Judge Dredd: The Movie - 30th Anni Ed (2025)
Author: Andrew Helfer (based on a screenplay by William Wisher Jr + Steve E. de Souza) | Illustrator: Carlos Ezquerra | Page Count: 80 [1]
Thirty years after the first Judge Dredd movie took a giant Flesh-sized shit on the franchise that inspired it, its comicbook adaptation got reissued. Why should anyone care? For one good reason: because it was illustrated throughout by Carlos Ezquerra.
Not the cover art - that's by Dermot Power and is the only time it really looks like Sylvester Stallone.
For reasons that I don't know but are probably to do with licensing and/or Hollywood egos, the interior art wasn't allowed to use Stallone's likeness.

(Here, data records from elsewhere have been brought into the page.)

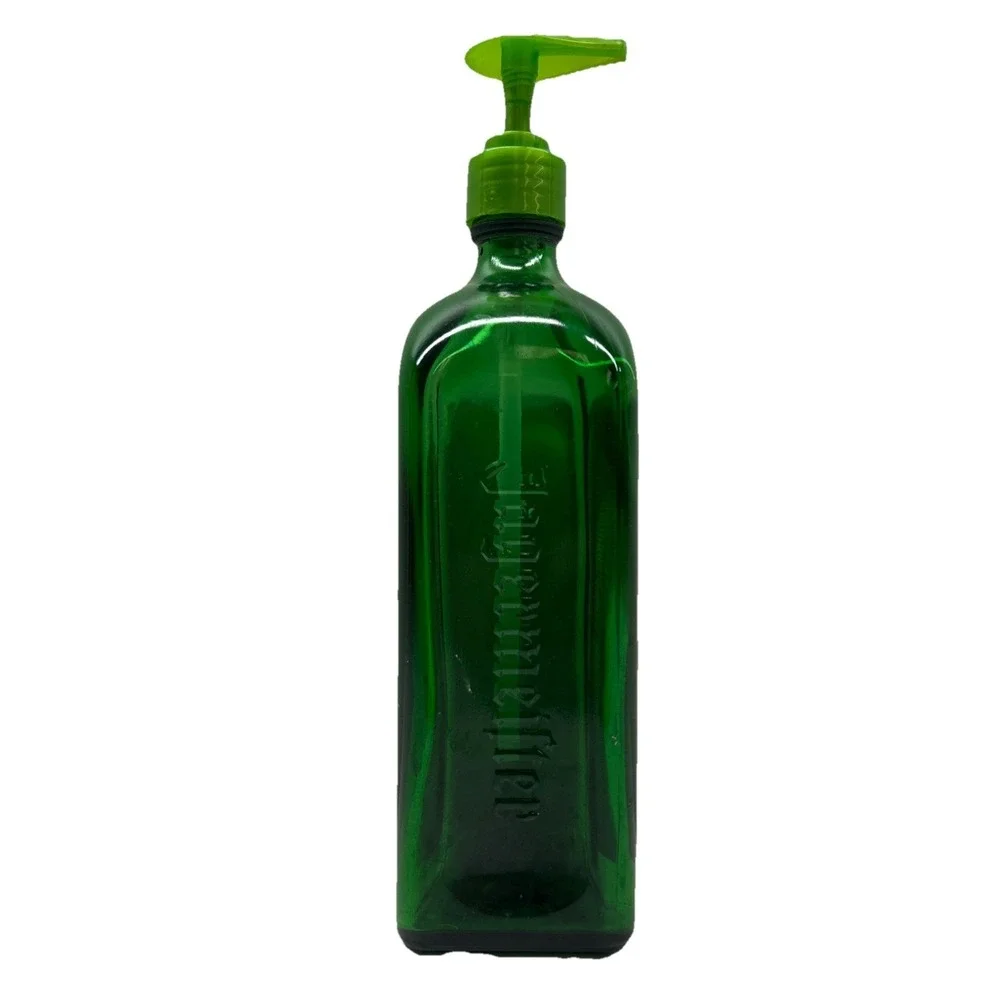 Soap or Lotion Dispenser Repurposed Jagermeister Alcohol 12oz Bottle Green Glass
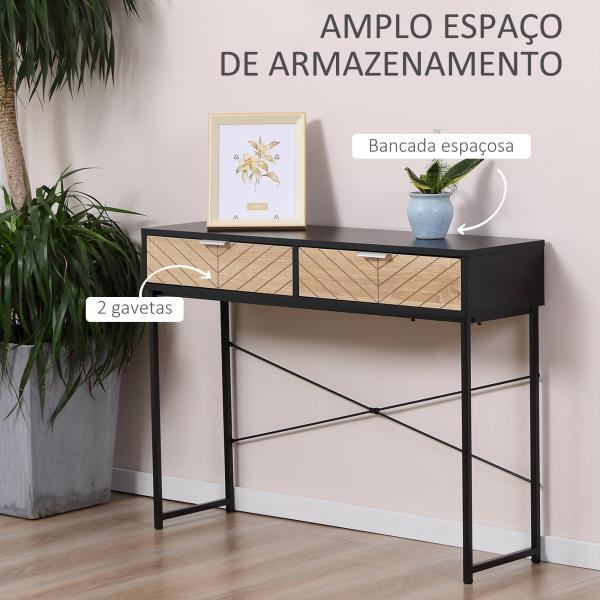 Mesa Consola 100x30x75 cm Mesa de Entrada Moderna com 2 Gavetas de Armazenamento Preto e Madeira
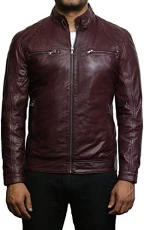 Mens Leather Jacket Genuine Lambskin Moto Biker Slimfit Classic Burgundy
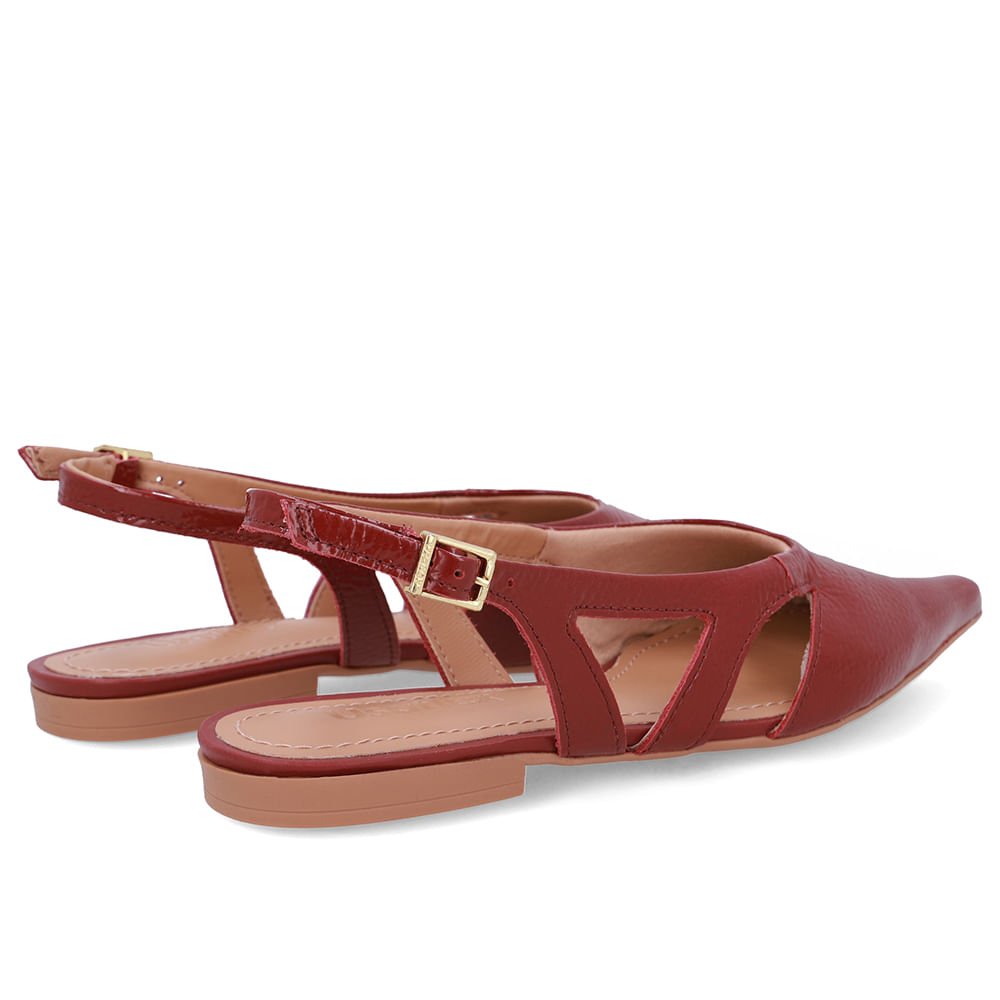 Slingback Vermelho Couro Bico Fino Recortes Vermelho 3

But that turns out to be a good thing. The first 4 pages are particularity great. The Judge uniforms and Lawmasters are movie-specific, but otherwise the linework, angles, and colours all work together to make it feel like a proper Ezquerra 2000 AD strip. It's easy to imagine that the city and its people will feel similarly. But then Dredd appears in full on Page 5 and the illusion begins to crack... 🙁
I'm the type of reader who 'hears' a character's voice in my head as a I read their words. Logic says I should hear an approximation of Stallone's voice, but I chose to ignore logic. Instead, I gave Dredd the inner-voice that I've gave to him for 30+ years. That helped for a time.
The helmet comes off on Page 16. I was expecting it, having seen the movie. The story suffers just as much from that point on as it did onscreen, but it'll be interesting to folks who've ever wondered what Ezquerra's interpretation of comicbook Joe's face might have been like.
The story plays out pretty much the same as it did onscreen, with the added benefit of not having to suffer Rob Schneider in the scenes with Fergie. And yes, the ending still sucks.
Surprisingly, the movie version of Dredd lived on for a while after the movie itself tanked, in the Judge Dredd: Lawman of the Future (1995-96) fortnightly comic published by Fleetway, which lasted for 23 issues and a single Action Special. Equally surprising: it's not half-bad.
[1] Even though the page count of '80' is technically accurate (minus the copyright info page, etc), this a Rebellion publication, so you're not actually getting 80 pages of the promised content. The adaptation begins on Page 04 and ends on Page 67. Afterwards you get Trinity (Author: Ken Niemand | Illustrator: Richard Elson), first printed four years ago in 2000 AD Prog 2262. It has some relevance to the movie, so isn't just shameless filler on this occasion.